Welcome back everyone! My guest on today’s show is Dr. Cat Hobaiter. Cat is a Lecturer at the University of St. Andrews, where she’s part of research unit called the Centre for Social Learning and Cognitive Evolution. Cat spends a good chunk of her time, not in Scotland, however, but in Africa, where she conducts fieldwork on great apes. Her primary research site is in the Budongo Forest Reserve in Uganda. Along with her team there, she studies the social behavior of wild chimpanzees—in particular, how they communicate with each other.
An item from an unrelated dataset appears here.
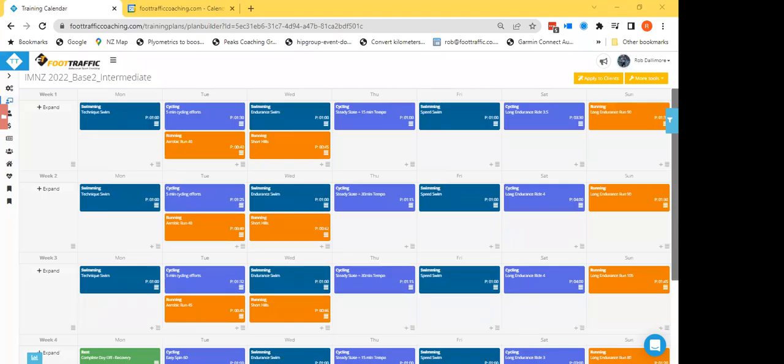So here we are, I'll take you through the training plan as it's written now. We'll look at the intermediate plan. As you know, with the beginner and advanced, the changes really are just shorter sessions, shorter intervals, maybe less intervals, or for the advanced, an extra run here and there. So not a huge difference in terms of the structure of the plan.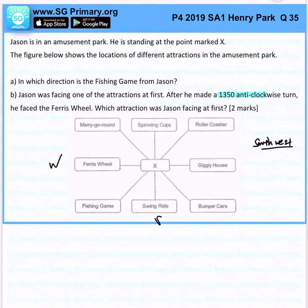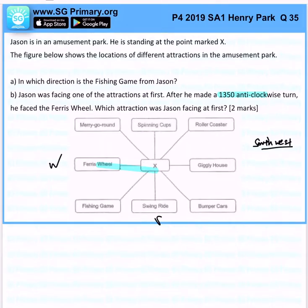Let's erase this first. The Ferris wheel is at here. Since he made a 135 degree anti-clockwise turn...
Much of our conversation centers on how chimps communicate through gesture—through bodily theatrics like stomping, drumming, clapping, somersaulting, and pirouetting. We discuss when chimps use these gestures, how they acquire them, and the thorny issue of what they mean. We also talk about how the gestures of chimpanzees compare to the gestures of other primates—including those bonobos, gorillas, and human toddlers. Cat and I do make our way over to other topics, too—we touch on some work she and her colleagues have done on the so-called “cooperative eye” hypothesis. We talk about the day-to-day of what it’s like to do fieldwork on great apes. And we talk about how the chimps at Budongo are faring in these pandemic times.
Not many of us get the opportunity to observe our closest primate cousins in the wild. I’ve certainly never been so lucky. But maybe the next best thing is to hear from someone who has—particularly someone like Cat who has spent more than a decade watching chimps closely, puzzling out their propensities, and generally just figuring out what they’re up to.